This is the cleaver we're talking about, right? 

http://www.japaneseknifeimports.com/kitchen-knives/suien/suien-vc-chinese-cleaver.html


----------



## hax9215 (Feb 23, 2012)

Yes, I did not see that one.

Hax the Cook CLEAVERS RULE!!!


----------



## hax9215 (Feb 23, 2012)

btw, anyone else think it is time for a section dedicated to the REAL all purpose knife, aka cleaver?

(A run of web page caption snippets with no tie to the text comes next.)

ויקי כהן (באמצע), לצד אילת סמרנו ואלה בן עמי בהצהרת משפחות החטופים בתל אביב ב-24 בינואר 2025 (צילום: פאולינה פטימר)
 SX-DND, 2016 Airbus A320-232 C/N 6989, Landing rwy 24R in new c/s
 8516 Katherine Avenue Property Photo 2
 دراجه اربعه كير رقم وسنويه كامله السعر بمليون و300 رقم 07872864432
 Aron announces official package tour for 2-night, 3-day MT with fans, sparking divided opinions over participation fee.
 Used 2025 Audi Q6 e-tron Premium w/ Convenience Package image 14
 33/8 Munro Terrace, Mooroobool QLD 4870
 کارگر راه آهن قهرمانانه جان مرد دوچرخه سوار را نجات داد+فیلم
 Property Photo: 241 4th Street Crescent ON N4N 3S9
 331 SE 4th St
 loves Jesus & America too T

Hax the Cook CLEAVERS RULE!!!


----------



## CalleNAK (Feb 23, 2012)

Andy777 said:


> There is one other option, on the cheap. (and everyone else listen to this) :bat: There is one big cleaver that has never gotten much respect or caught on much. It's the Town Food Service #1 slicer. It is basically a much cheaper version of the CCK 1101 and maybe 5% thicker (still super thin). I had one for a while and kinda miss it. The beast is 240x120 and only costs $30. I can't really comment on the steel other than it is adequate and roughly on par with the CCK's. The steel has never been the strong suite on those knives, with a blade that large and thin they cut like a dream even when dull. Here's the link:
> 
> http://www.chefsresource.com/no1.html



Do you know if it's carbon steel or stainless? Their web page says stainless in the title but carbon in the description.


----------



## Andy777 (Feb 23, 2012)

Unless they changed the item or something it is carbon. It's a big mother at 24x12 but a total steal for $30 IMHO. If you've never used a cleaver before you will get a baptism by fire with that one. :devilburn: There was a random guy that wrote a blog post about this TFS slicer ages ago. I'm going to see if I can track it down, it was pretty funny.


----------



## mr drinky (Feb 23, 2012)

Dave Martell said:


> That place is about to sell out of those cleavers and wonder why.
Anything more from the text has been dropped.